> **Given records**
•••••

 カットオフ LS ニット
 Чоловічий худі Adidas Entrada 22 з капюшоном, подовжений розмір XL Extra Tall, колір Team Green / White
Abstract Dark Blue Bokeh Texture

•••••

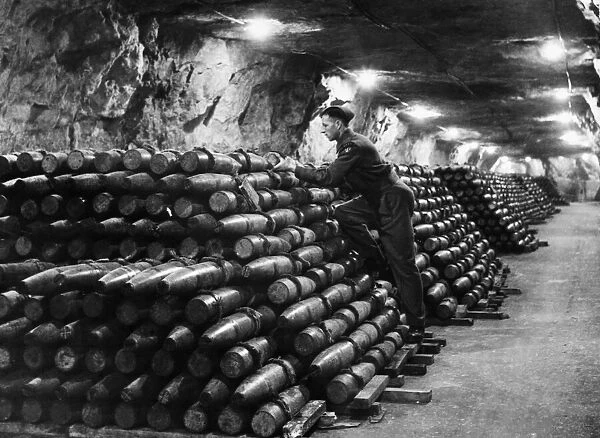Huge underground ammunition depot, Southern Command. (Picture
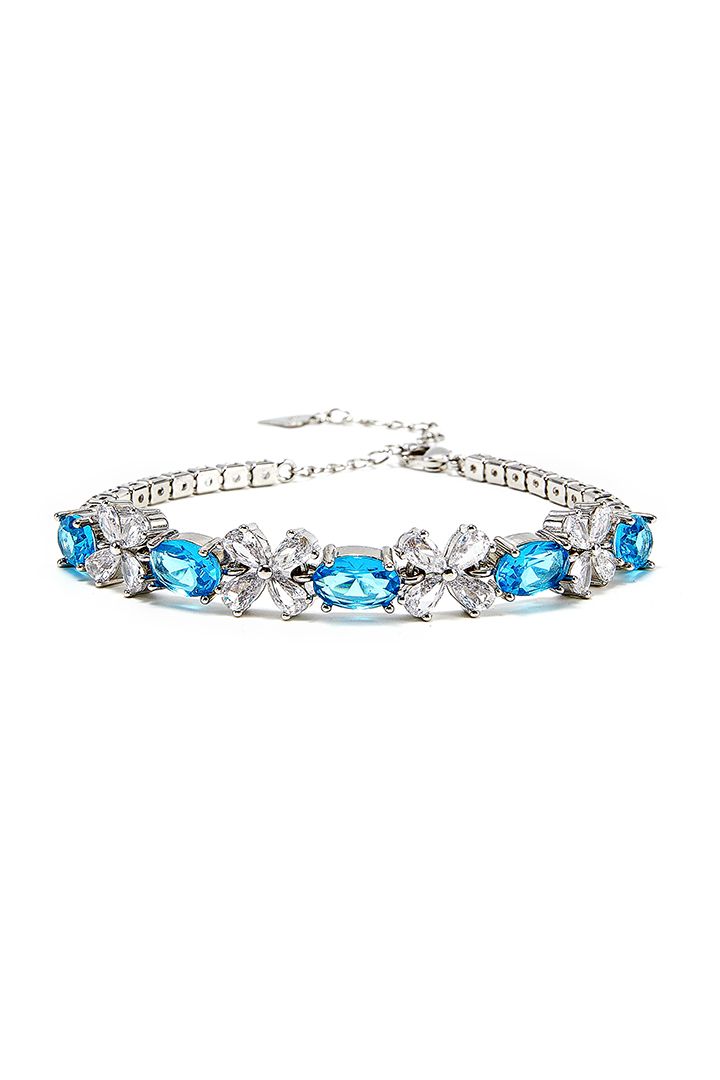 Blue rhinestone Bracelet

•••••

> **Task statement**
Beginning with the line holding "Huge underground ammunition" in the material above, restate word for word each line through the line holding "Blue rhinestone Bracelet", and exclude pictures.

> **Exercise result**
Huge underground ammunition depot, Southern Command. (Picture
 Blue rhinestone Bracelet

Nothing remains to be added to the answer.